Еще раз покосившись на газету, я посмотрел на Митьку. Если принес вот так в середине рабочего дня, значит, в ней есть что-то важное. Рыться и искать не хотелось, тем более, что Митька прекрасно знал уже ставшей традицией мое вечернее чтение газеты, совместно с Филиппой. Это был час уютного молчания, когда мы усаживались в ее будуаре и шуршали страницами. При этом Филиппа любила устраиваться на полу, используя мои ноги в качестве опоры. Сам того не подозревая, я так ее нагрузил, что в течение дня мы даже на обеде иной раз не встречались, каждый был по горло занят своими делами. Самое смешное, что очень скоро мы сыскали славу этаких затворников, чуждых светских увеселений, а я же был рад, что нашел наверное единственную женщину, которая полностью разделяла мои взгляды на бесконечные балы и развлечения. Куда интереснее было заниматься чем-то действительно важным, что в итоге принесет свои плоды. Нет, развлекаться тоже иногда надо, чтобы мозг банально перезагрузить, но не каждый же день.
Филиппа не жаловалась, ей это действительно нравилось. Она даже однажды при родах присутствовала, чтобы что-то понять. Вернулась бледная, но настроенная весьма решительно. Через неделю пришла ко мне с проектом указа и просьбой выделить деньги на книги по медицине, потому что своих не было. На вопрос, она хочет, чтобы медикусов готовил университет, или сразу созданная лекарская школа Филиппа промолчала, а потом сообщила, что подумает. Думала, кстати, до сих пор, постоянно совещаясь с Бидлоо, которому видимо заняться было нечем, и реже с крайне занятым Лерхе.

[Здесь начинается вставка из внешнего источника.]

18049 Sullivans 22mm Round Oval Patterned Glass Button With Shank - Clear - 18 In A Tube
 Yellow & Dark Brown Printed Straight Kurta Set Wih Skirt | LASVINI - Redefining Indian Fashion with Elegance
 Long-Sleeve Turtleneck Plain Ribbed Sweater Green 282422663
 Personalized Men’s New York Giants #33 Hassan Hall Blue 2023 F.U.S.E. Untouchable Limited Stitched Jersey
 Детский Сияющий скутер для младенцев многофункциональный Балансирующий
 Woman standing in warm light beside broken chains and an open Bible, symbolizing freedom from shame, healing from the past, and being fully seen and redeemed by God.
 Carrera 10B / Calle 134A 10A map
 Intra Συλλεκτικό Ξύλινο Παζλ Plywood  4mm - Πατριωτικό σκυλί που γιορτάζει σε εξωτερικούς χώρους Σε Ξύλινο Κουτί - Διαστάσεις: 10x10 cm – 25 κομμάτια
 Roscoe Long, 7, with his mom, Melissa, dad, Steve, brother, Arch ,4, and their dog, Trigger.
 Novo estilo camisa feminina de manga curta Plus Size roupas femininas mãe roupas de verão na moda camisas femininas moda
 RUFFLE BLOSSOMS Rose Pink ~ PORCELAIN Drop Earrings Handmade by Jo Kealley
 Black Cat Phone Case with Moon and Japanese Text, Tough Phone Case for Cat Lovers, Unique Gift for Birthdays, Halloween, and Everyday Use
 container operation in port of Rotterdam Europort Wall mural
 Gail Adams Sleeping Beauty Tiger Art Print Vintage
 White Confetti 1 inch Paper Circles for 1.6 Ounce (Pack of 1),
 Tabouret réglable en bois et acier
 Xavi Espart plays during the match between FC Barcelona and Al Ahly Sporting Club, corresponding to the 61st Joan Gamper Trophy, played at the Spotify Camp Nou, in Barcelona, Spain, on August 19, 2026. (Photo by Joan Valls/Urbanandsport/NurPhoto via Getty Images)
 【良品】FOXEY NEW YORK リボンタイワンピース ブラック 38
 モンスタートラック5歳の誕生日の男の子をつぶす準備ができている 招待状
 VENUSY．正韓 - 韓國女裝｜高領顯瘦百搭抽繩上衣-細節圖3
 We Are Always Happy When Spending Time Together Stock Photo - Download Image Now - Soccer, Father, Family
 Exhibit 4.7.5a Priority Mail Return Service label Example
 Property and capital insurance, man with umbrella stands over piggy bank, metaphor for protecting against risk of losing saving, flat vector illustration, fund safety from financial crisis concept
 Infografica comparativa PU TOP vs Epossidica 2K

— Вторая станица, — невозмутимо произнес Митька, заметив мой взгляд. Я открыл газету сразу на второй странице и чуть не упал, потому что на меня со страницы смотрела корова. Проведя пальцем по рисунку, я растер краску между двумя пальцами — она сильно мазалась, но факт оставался фактом — это была первая иллюстрация в обычной газете. Долго разглядывая рисунок, я мысленно выписал Юдину премию, но тут же отбросил эти ненужные и вредные мысли — он не умеет работать нормально без угрозы лишить его чего-нибудь не жизненно важного, и не мешающего дальнейшей работе. Налюбовавшись на корову, я приступил к чтению самой статьи. Прочитав, задумался уже над премией себе любимому, потому что я молодец. Вот так, сам себя не похвалишь, никто и не додумается это сделать. А молодец я в том плане, что догадался навесить вакцинацию от оспы на попов.